Two waves of trans fat reduction
Australia’s leading nutrition authorities including the NHMRC and the Heart Foundation were quickly onto the new trans fats developments, making recommendations in expert reviews. In 1996, the Heart Foundation introduced changes to the margarine criteria for its Tick food approval program and the industry quickly responded, minimising the trans fats content of the majority of leading brands of table spreads by late 1997.
In the early 2000s another wave of trans fats reduction commenced as many food manufacturers began combing through their product portfolios weeding out the trans fats. Quick service restaurants, a major donut chain and a leading supermarket chain all played their part. During this phase of trans fats reduction the Commonwealth Government was actively involved and deserves credit. Public health nutrition relies on inter-sectoral collaboration – nutritionists, policy makers and industry working together – and on this occasion it happened and it worked.
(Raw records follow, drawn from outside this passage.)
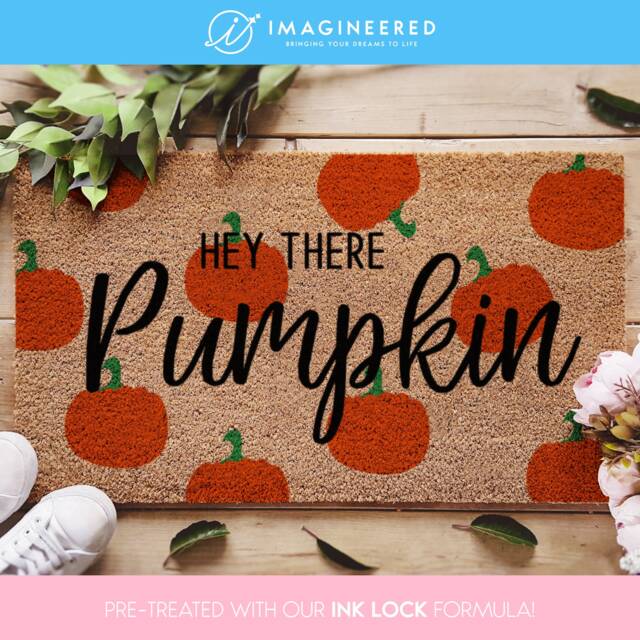 Hey There Pumpkin Doormat - Porch Decor Fall Hello Door Mat Decorations - image 1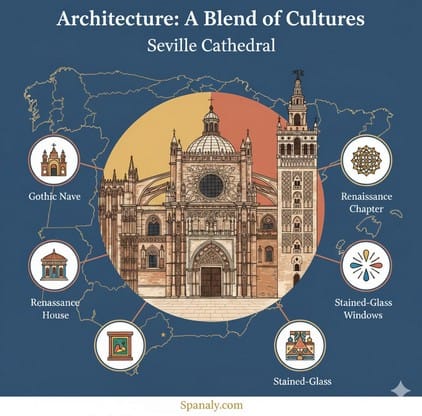 An educational infographic about the architecture of Seville Cathedral featuring a blend of Gothic and Renaissance styles with a map of Spain in the background and Spanaly.com logo.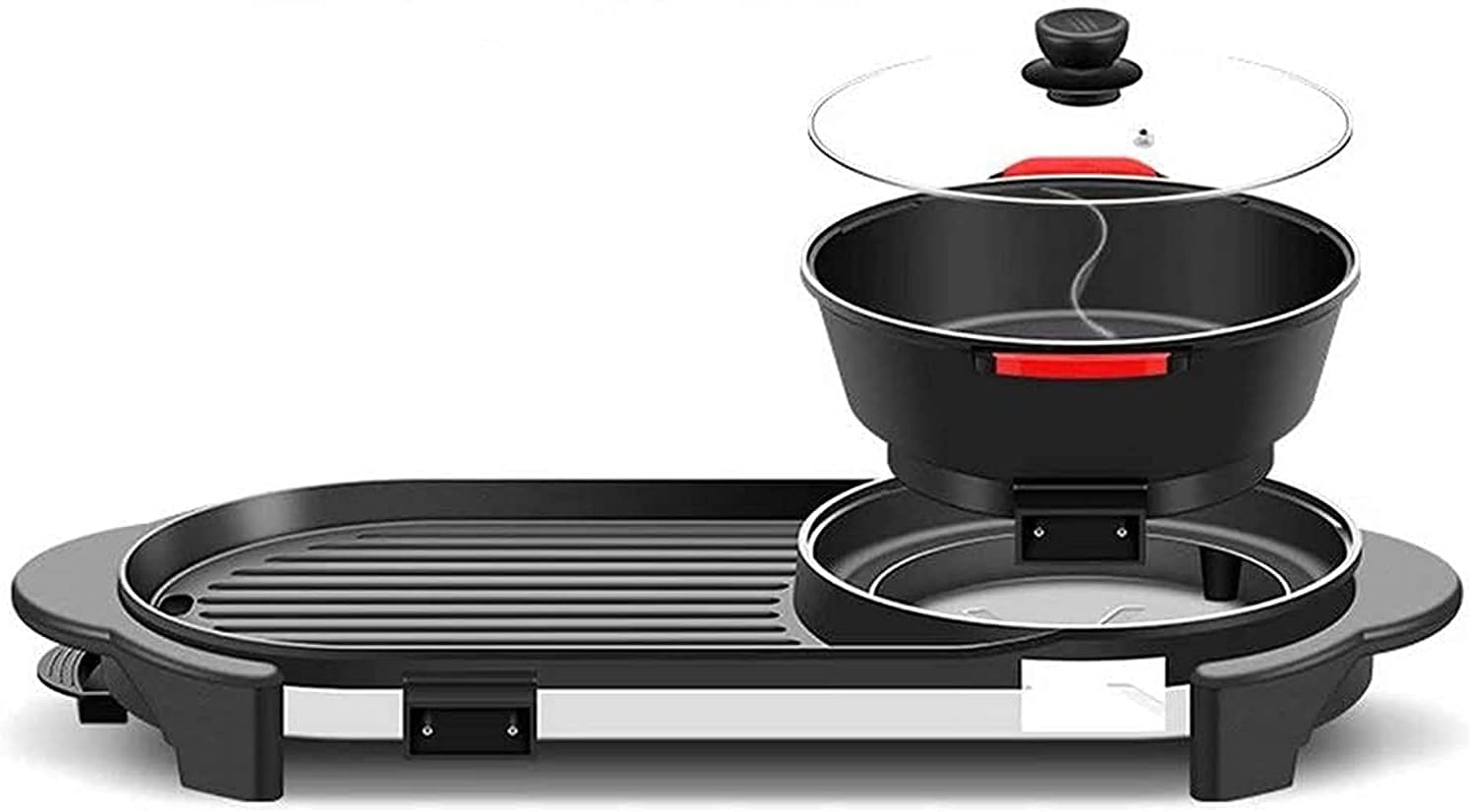 Indoor Korean Barbecue Grill Multifunctional BBQ Hot Pot Double Pot Integrated Kitchen Pot Separable Electric Hot Pot Electric Baking Tray,Black 1,65 * 26Cm,Portable Nonstick Griddle (Color : Black 2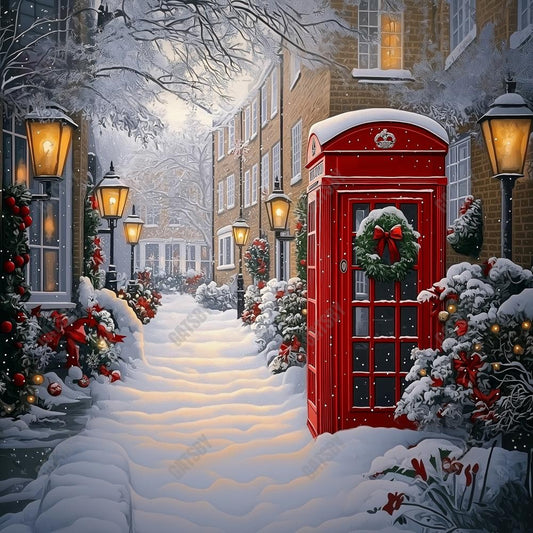 Gatsby Chritmas Telephone Booth Street Photography Backdrop Gbsx-01122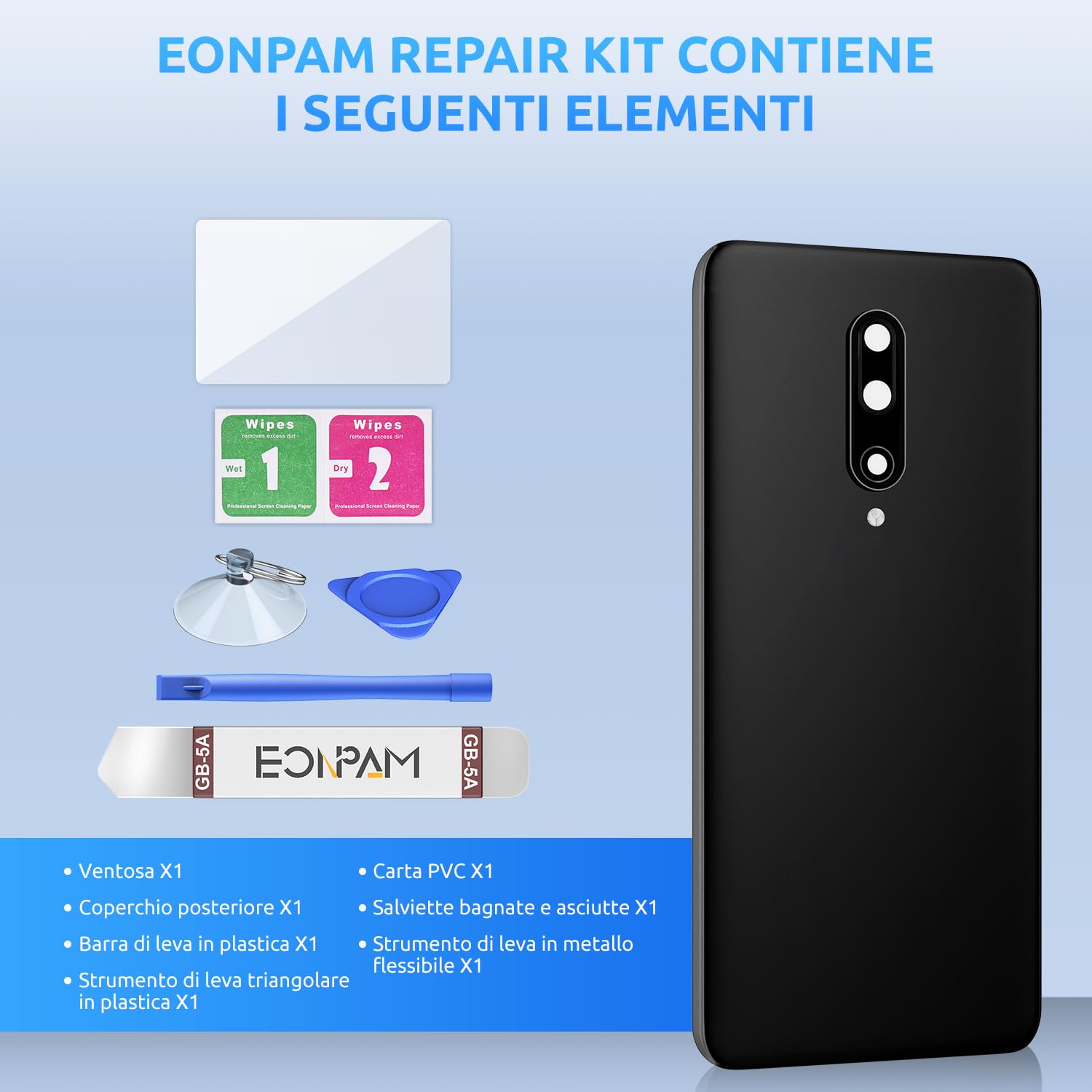 Eonpam Scocca Vetro Posteriore Per OnePlus 7 Coperchio Copribatteria Sostituzione Con Vetro Fotocamera Kit Di Riparazione (Rosso - Foto 1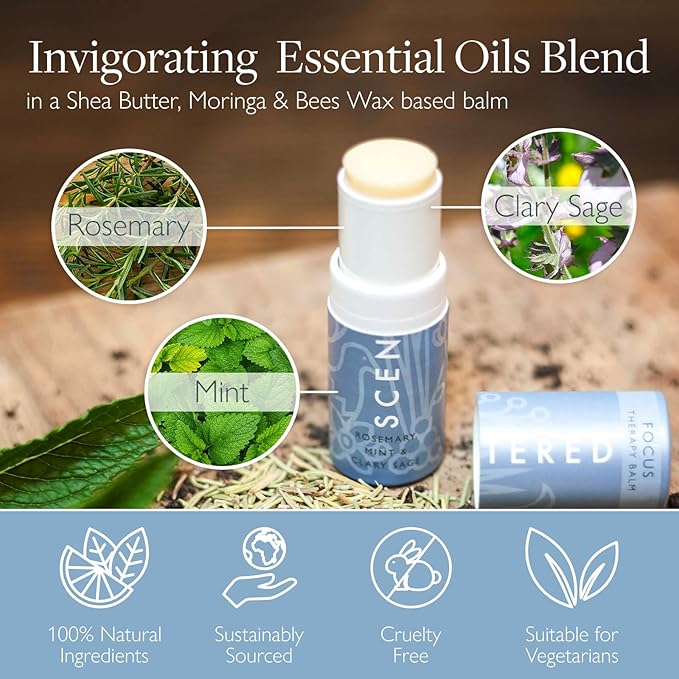 Scentered Aromatherapy Balm Stick for Focus & Concentration - Roll On Essential Oils Blend - 100% Natural: Rosemary, Mint, Clary Sage in Shea Butter - Aromatherapy Gifts for Women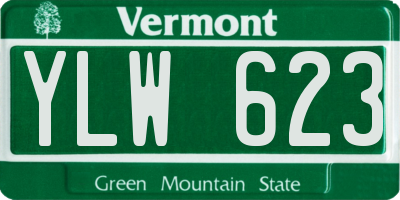 VT license plate YLW623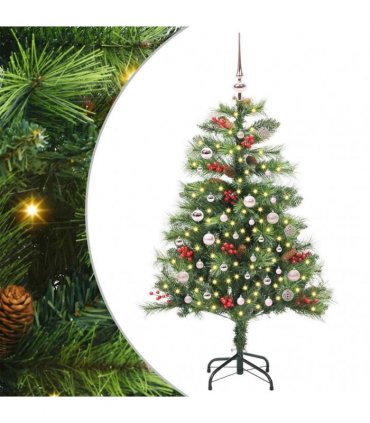 vidaXL Artificial Hinged Christmas Tree with Cones and Berries 150 cm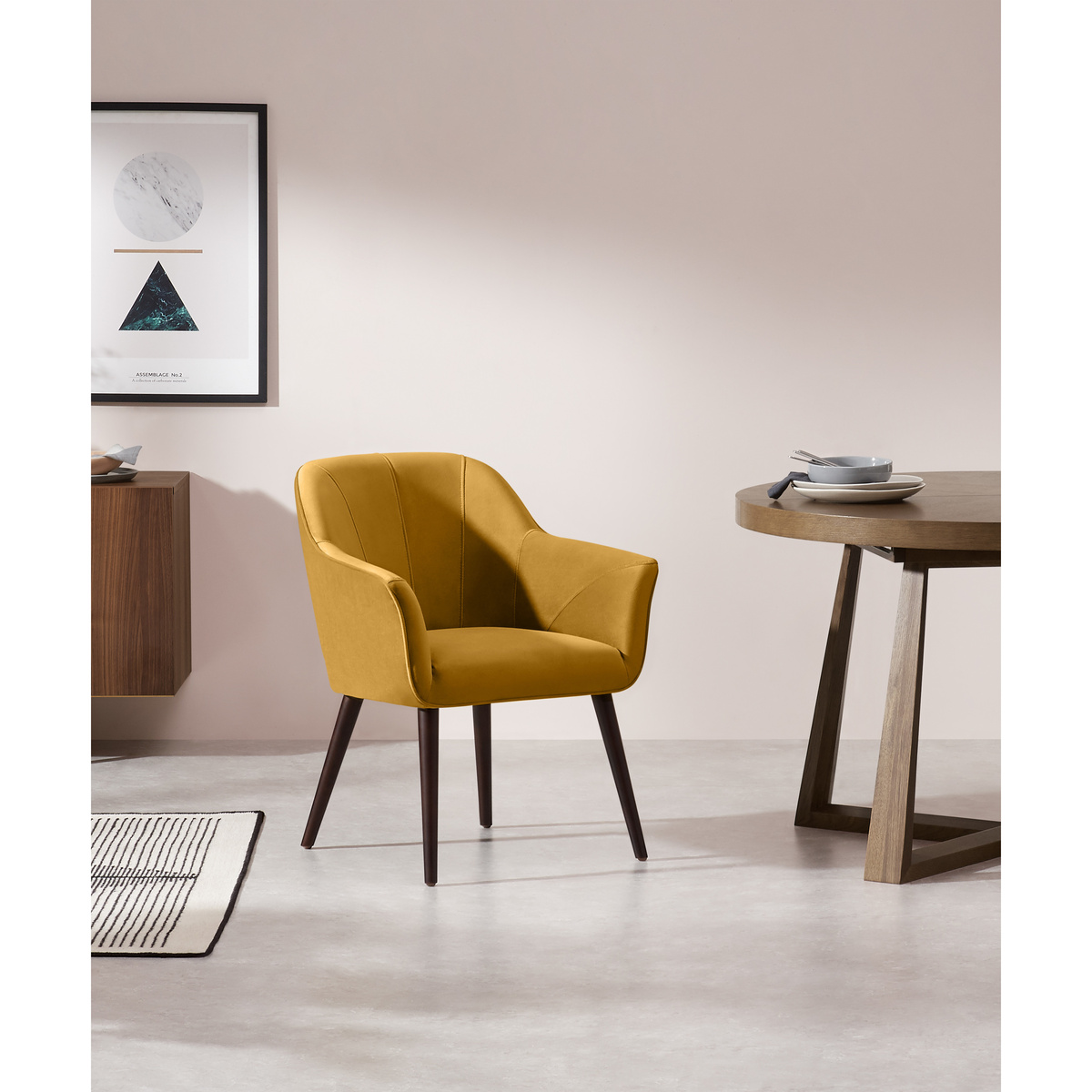 Fordell Carver Dining Chair, Mustard Velvet – image 8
Should trans fats be further regulated?
I recently wrote an article on this topic which is now available online as an ‘early view’ paper ahead of publication in the journal Nutrition and Dietetics. My answer was no based on the facts summarised above. As the job of lowering trans fats intake is already done what would be the purpose of further regulation? The amount of trans fats in our diet is less than that in the Danish diet which is often held up as an example of what regulation can achieve. Advocates of regulation do not appear to be aware that by far the majority of the large fall in the trans fats content of the Danish diet occurred before anti-trans regulations were introduced.
Trans fats and the draft Australian Dietary Guidelines
It was surprising to see trans fats introduced into the top line messages of the draft Australian Dietary Guidelines. Firstly, there was no systematic literature review on trans fats so there was no evidence base on which to base a new guideline (there was no review of saturated fats either). Also, there was only passing reference to trans fats in the text of the Guidelines, which basically said trans fats intake is very low in Australia. And there is the issue of practicality. How could the general public implement the advice as the amount of trans fats in most food products is not currently required to be included in nutrition information panels? Why elevate this issue now when in public health terms it’s already done and dusted?
Best dietary advice?
In Australia, the best advice to lower intake of trans fats is to choose lean meats and low fat dairy products, which also lowers intakes of saturated fats. Other than that, don’t worry.